There was considerable outrage at the time when news broke last year that the Laois hurlers would be excluded from the Leinster championship in 2018 in favour of a new Tier 2 competition.
While Laois have struggled to make an impact in Leinster, they’ve pushed some of the big names close over the years and have had occasional memorable moments – like the win over Offaly under Cheddar Plunkett a couple of years ago and close scrapes against Kilkenny, Galway and Offaly in the last 20 years.
But this year they’ve been left out of the loop and instead will play in a new competition, named after the former Galway great and President of the GAA, Joe McDonagh.
Their opponents will be their peers from the lower reaches of the game – Westmeath, Antrim, Kerry, Carlow and Meath.
They play all of those teams – five games in six weeks – beginning with Westmeath at home this Saturday against Saturday. They then face a tough spell of having to play Kerry away on Sunday week, May 13, and then head to Antrim the following Saturday, May 19.
Should Laois finish as one of the top two teams, they’ll reach the inaugural final of this competition in Croke Park and then have a shot at one of the bigger guns in the All Ireland series.
Laois manager Eamonn Kelly is excited about the challenge.
“We are really looking forward to it,” he said last week at a press evening ahead of the championship.
“We can’t drive the car through the rear-view mirror, you can only look at what is ahead of us. The Joe McDonagh Cup. We’re in a competition where, if we’re good enough, if we hurl to our potential, we have a chance of getting to play on the big stage, and that is all it is, is a chance.

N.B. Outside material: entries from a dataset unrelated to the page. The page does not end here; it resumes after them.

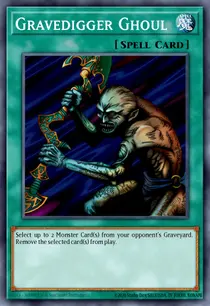 Carta Gravedigger Ghoul, LOB-EN065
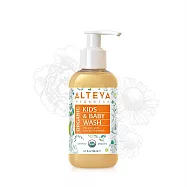 【Alteya】保加利亞原裝進口 奧圖玫瑰嬰兒洗沐精(250ml)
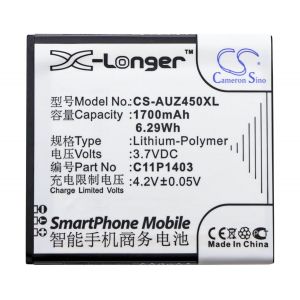 Аккумулятор CameronSino для Asus ZenFone 4 A450CG 1700mah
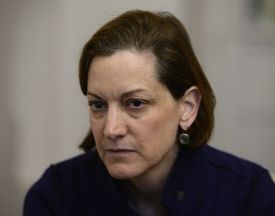 Anne Applebaumová, americká novinářka a historička.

It’s up to us the make the best of that opportunity.
“A lot of lads are putting in a huge effort, doing as much as any other top tier county, in terms of preparation and effort, and they might never have got to play in Croke Park.
“Now is the opportunity, for the likes of Roddy (captain Ross King) it probably would be a dream come true to walk up the steps of the Hogan Stand to receive a bit of silverware in front of a decent crowd.
“They are the stages you want play on, and the winner of that gets into the Leinster championship next year and the two that contest the final get to play in an All-Ire;and preliminary quarter-final. There’s an awful lot to play for.”
Kelly says that there are no easy games ahead, and that slip ups will be punished.
“They’re all big games, because when you look at the teams in the Joe McDonagh Cup, any two I believe could be in the final. Like Westmeath, Carlow turned them over (in the Division 2A final0, you’ve Antrim, Kerry, Meath, any of the six could end up in the final.
“I think there will be an awful lot of those teams beating each other.”
And Kelly reckons too, that it’ll be important that his players remain injury free throughout the campaign – as the squad depth will be tested.
The one bit of a gap is when the U-21 championship is on, so it will be thick and fast. The biggest thing for us is, the lads have put in a massive effort this year coming in early in terms of preparation, and we didn’t compromise that, we kept the full month of October and November doing conditioning work, because last year from our first game in the championship to the last game against Dublin, we were down eight players.
“If that happens us again we won’t be in a position to get to Croke Park, so it’s all about trying to mind ourselves going week on week.”
Laois’s first game is against Westmeath this Saturday at 3pm in O’Moore Park.